Autoscaling Setup

This guide covers configuring autoscaling for MLflow to handle varying workloads efficiently. We'll cover Horizontal Pod Autoscaler (HPA), and cluster autoscaling strategies.

info

Production Scaling: Autoscaling is essential for production MLflow deployments to handle varying workloads and ensure optimal resource utilization.

Prerequisites

warning

Critical Requirements: Autoscaling requires specific backend configurations. Ensure all prerequisites are met before enabling autoscaling.

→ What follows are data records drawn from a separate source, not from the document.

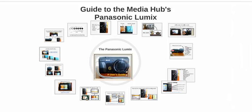Hi. Welcome to this tutorial on how to use the new Panasonic Lumix camera that the MediaHub bought. My name is Jill Moore. I teach many of the photography classes here at Alverno and I'm going to be taking you through a user's guide to the camera.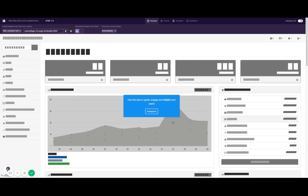Hi, this video is going to cover how to select the right element on your page. One of the best things about Chameleon is that it's able to understand your page so you can guide your users to the right places.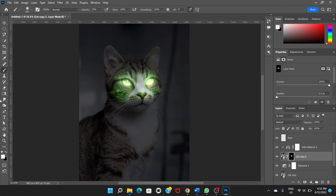So that's how we make this effect of the eyes glowing with greenish light. I think we're done. If you like this video, don't forget to hit like and leave a comment, and don't forget to subscribe to this channel. Bye!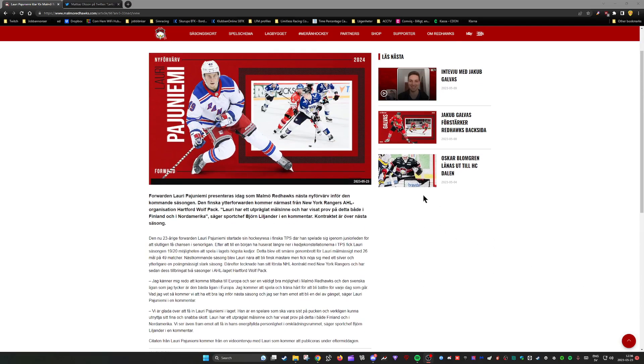Welcome back to another video. Today, just a couple minutes ago, the club announced Lauri Pajuniemi as the new acquisition.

Kubernetes cluster with metrics server enabled
MLflow deployed on Kubernetes
Cluster autoscaler configured (for node scaling)
Resource requests and limits defined for MLflow pods
Backend store enabled (PostgreSQL or MySQL, not SQLite)
Artifact store enabled (S3, Azure Blob, or GCS)
Authentication configured (PostgreSQL auth backend or disabled)

tip

Resource Planning: Define appropriate resource requests and limits for your MLflow pods to enable effective autoscaling decisions.

Horizontal Pod Autoscaler (HPA)

Prerequisites for HPA

warning

HPA Requirements: The HPA will only be created if all these conditions are met. Check your configuration carefully.

The HPA is created only if:

autoscaling.enabled: true
A backend store is enabled (backendStore.postgres.enabled or backendStore.mysql.enabled)
An artifact store is enabled (artifactRoot.azureBlob.enabled, artifactRoot.s3.enabled, or artifactRoot.gcs.enabled)
Auth is either enabled with Postgres (auth.enabled and auth.postgres.enabled) or disabled (auth.enabled: false)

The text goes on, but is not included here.